И отсюда очевидный и тем самым поворачивающий все рассуждение «мостик» к христологии: так ведь это и сделал Христос на кресте. Возможно ли, взывает Льюис, принять на себя страдание ради другого, чтобы тот был избавлен хотя бы от части своей боли и от чувства, что его все оставили? Ответ — в распятом Христе.

На самом деле, позволено было лишь Одному, и я снова начинаю верить, что взять на себя и понести за всех нас мог только Он. «Вы не поднимете, побоитесь, — всякий раз отвечает Он на наш скулеж. — Да и не нужно. Я уже все за вас сделал»[725].

Здесь мы видим два взаимосвязанных, но четко различающихся пункта: во-первых, Льюис приходит к осознанию, что сколь бы ни велика была его любовь к жене, у этой любви есть пределы. Любовь к себе не покинет его душу и тем самым ограничена и его готовность принять на себя страдание близкого человека. Во-вторых, Льюис продвигается не столько к пониманию кеносиса, самоотречения Бога (эта богословская идея уже присутствует и в более ранних его работах), сколько к пониманию экзистенциальной значимости кеносиса для проблемы человеческого страдания. Бог мог принять страдание. И он это сделал. Жертва Христа дает нам возможность в свой черед принять сомнения и риски веры, зная, что исход нам гарантирован. «Исследуя скорбь» — история испытания и вызревания веры, а не только ее восстановления, — и уж конечно, это не история утраты веры.

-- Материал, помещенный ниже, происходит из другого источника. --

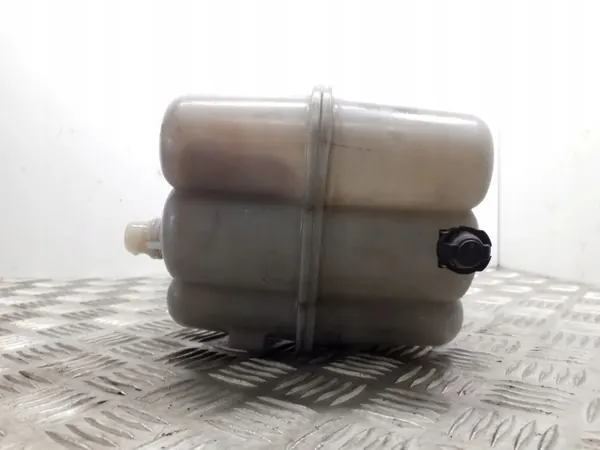 Bouchon de vase d'expansion Audi OE 8W2121403C image 3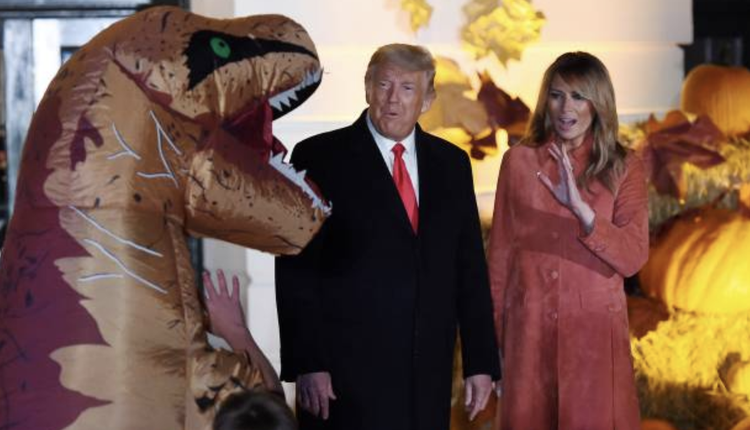 万圣节恐龙装扮（图片来源：OLIVIER DOULIERY/AFP via Getty Images）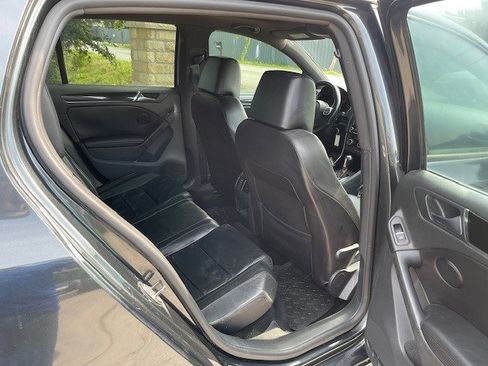 Used 2010 Volkswagen GTI 4-Door image 13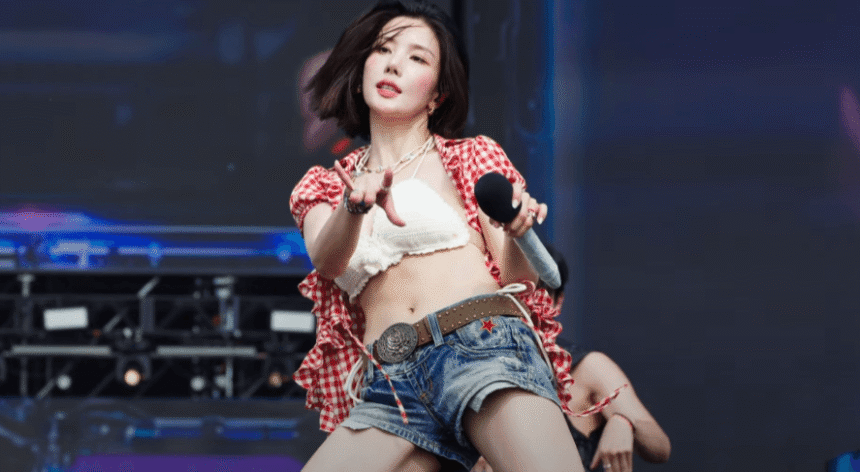 Kwon Eun bi Delivers Electrifying Duet with Lee Si an at Waterbomb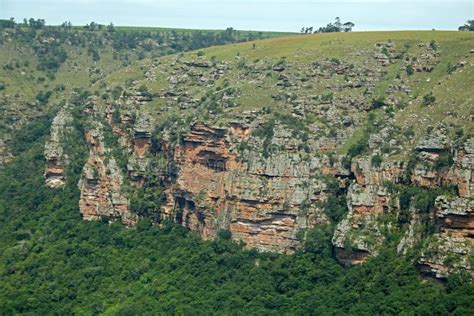 Acantilados Rugosos En El Lado Lejano De La Garganta De Oribi Imagen De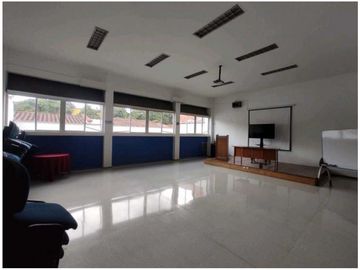 CASA LAURELES ESTADIO SURAMERICANA / USO COMERCIAL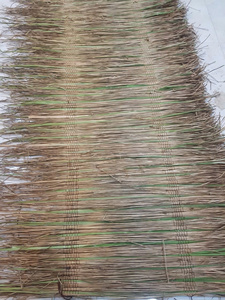 Panneaux de toiture en chaume naturel en vrac du Vietnam pour application de couverture de toit extérieur pour hôtels et complexes hôteliers - Product Image 5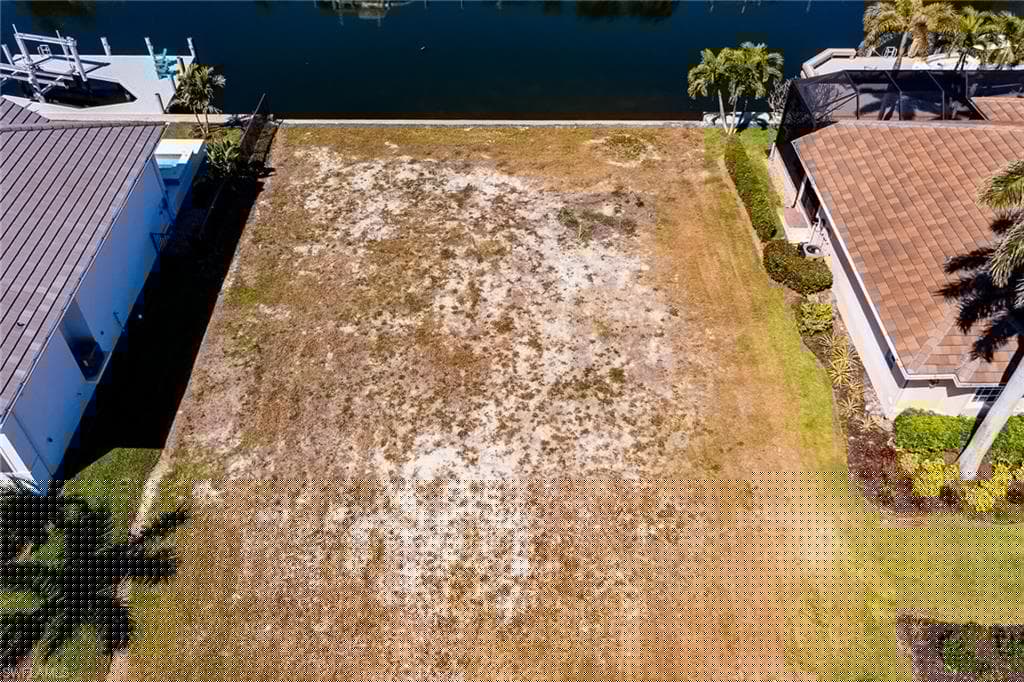 152 Gulfport Ct, Marco Island, FL 34145-11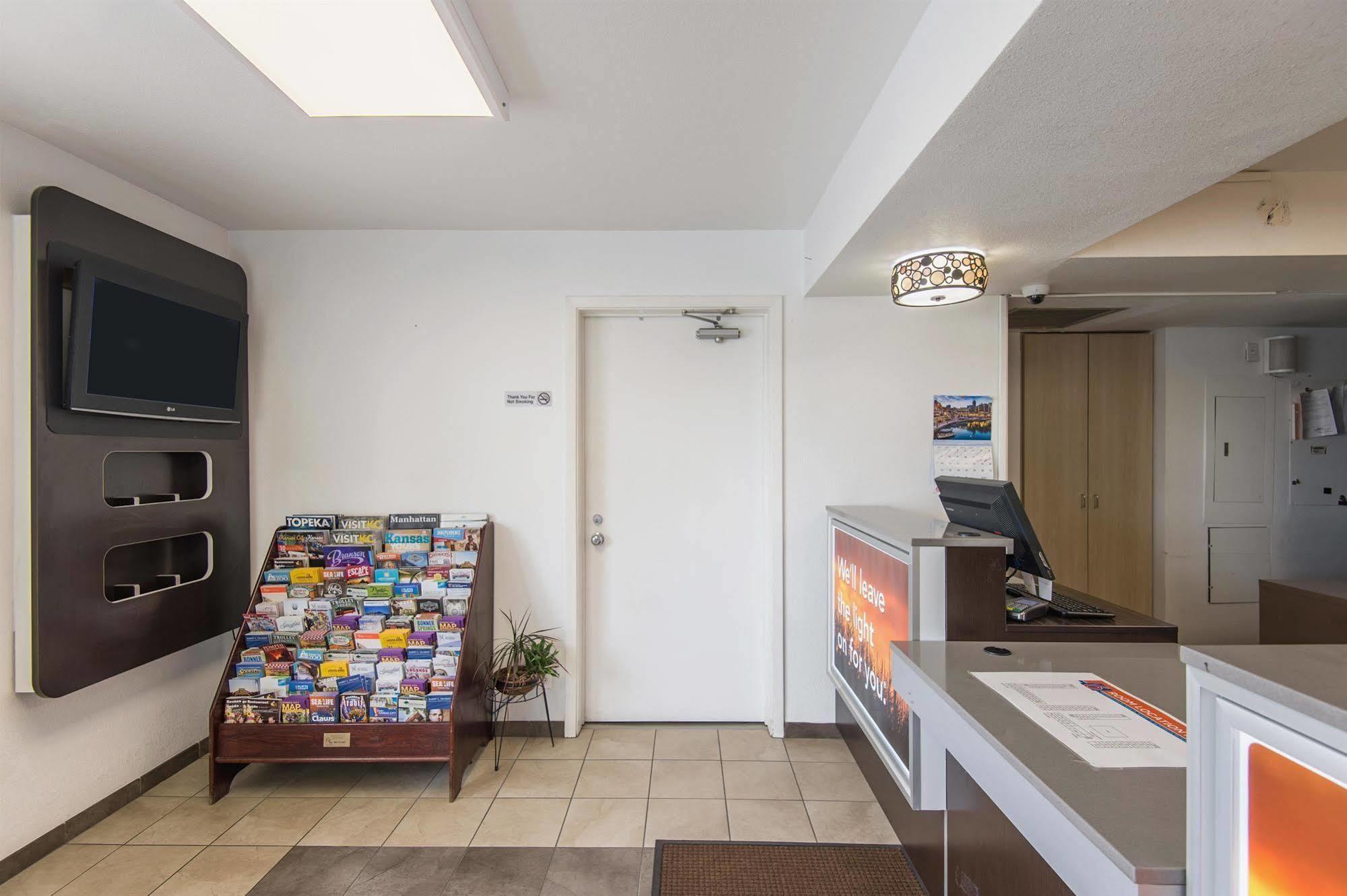 Motel 6 Kansas City, Mo - Airport Экстерьер фото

Почему Льюиса так сильно потрясла смерть Джой? Здесь сказался целый ряд причин. Сколь бы сомнительно ни было начало их отношений, Дэвидмен стала возлюбленной Льюиса и его задушевным, интеллектуально равным другом, благодаря ее поддержке он сохранял желание и мотивацию писать. Она играла — а точнее, ей было позволено играть — уникальную роль среди окружавших Льюиса женщин. Это была тяжелая утрата.

Но в конце концов буря утихла, и в построенный Льюисом дом веры перестали бить волны. Это был яростный шторм, предельно суровое испытание. Но итогом вновь оказалась вера, которая, словно золото, лишь ярче сияла, пройдя сквозь огонь в тигле.